Posted: Thu Jan 19, 2012 11:40 pm Etc/GMT-1+01:00
by dave_whatever
I thought I'd throw this open to the floor. I've shot and developed a few sheets of FP4+ which I acquired with a camera. Never really shot proper B&W before.

Anyway, I've come to scanning them. So just wondering how people go about scanning mono these days?

My current E6 scanning workflow is pretty standard - scan in vuescan with the 4990, no adjustments, and output a "raw" (in inverted commas...) tiff file with a colour profile for velvia embedded (which I've previously created from a faust IT8 target), and then do all the work on the scan in some other software, like photoshop/gimp or these days Aperture. Obviously I can bin the colour management step for mono, but anything else I need to be aware of - is outputting from Vuescan in 48bit still advisable? I've also turned off ICE as its not supposed to work with monochrome film. Any other tips? Is leaving the levels and/or black and white points till "post" rather than setting in the Vuescan still the way to go?

Sorry if any of this is a daft question. After shooting exclusively colour transparency for years, the fact that the light things are dark and the dark things are light is kinda blowing my mind a bit. Its like driving in a mirror.
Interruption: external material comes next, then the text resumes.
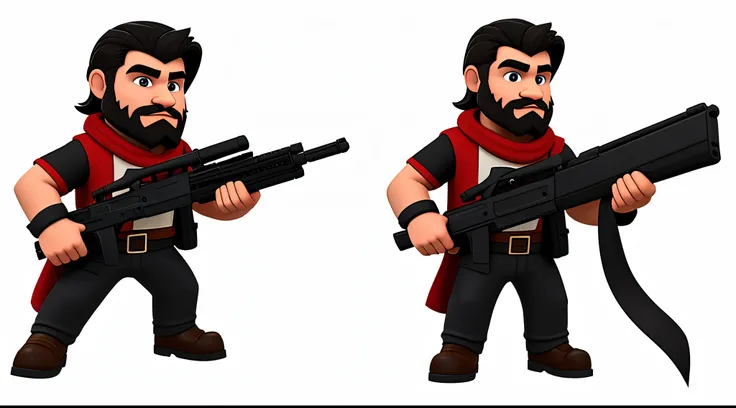 1 caucasian Man solo, solo.he has a short black beard and he has black flowing hair. Wearing red. holding gun at camera. white background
Re: Scanning B&W with Vuescan - skill me up

Posted: Mon Jan 02, 2017 9:15 pm Etc/GMT-1+01:00
by ian-barber
With Vuescan, I find it easier not to do any adjustments in the software. Make sure you scan 16bit greyscale and then do the correction curves in Photoshop

Re: Scanning B&W with Vuescan - skill me up

Posted: Thu Jan 26, 2017 5:25 pm Etc/GMT-1+01:00
by rhodej00
Hi. The Vuescan Bible by Sascha Steinhoff, who created Vuescan, suggests that the negative is first scanned at 4800 spi to produce a RAW file, a .dng. Then this RAW file is scanned to produce the jpg/tiff file. Also this gives you a RAW file which can be used in A.N.Others RAW file converter software.
I have used this method which works OK but is new to me so I am still learning.
Might be worth getting a copy of the Vuescan Bible-about £20 I think.

Vuescan gives lots of options so much experimentation may be necessary to suit your own requirements.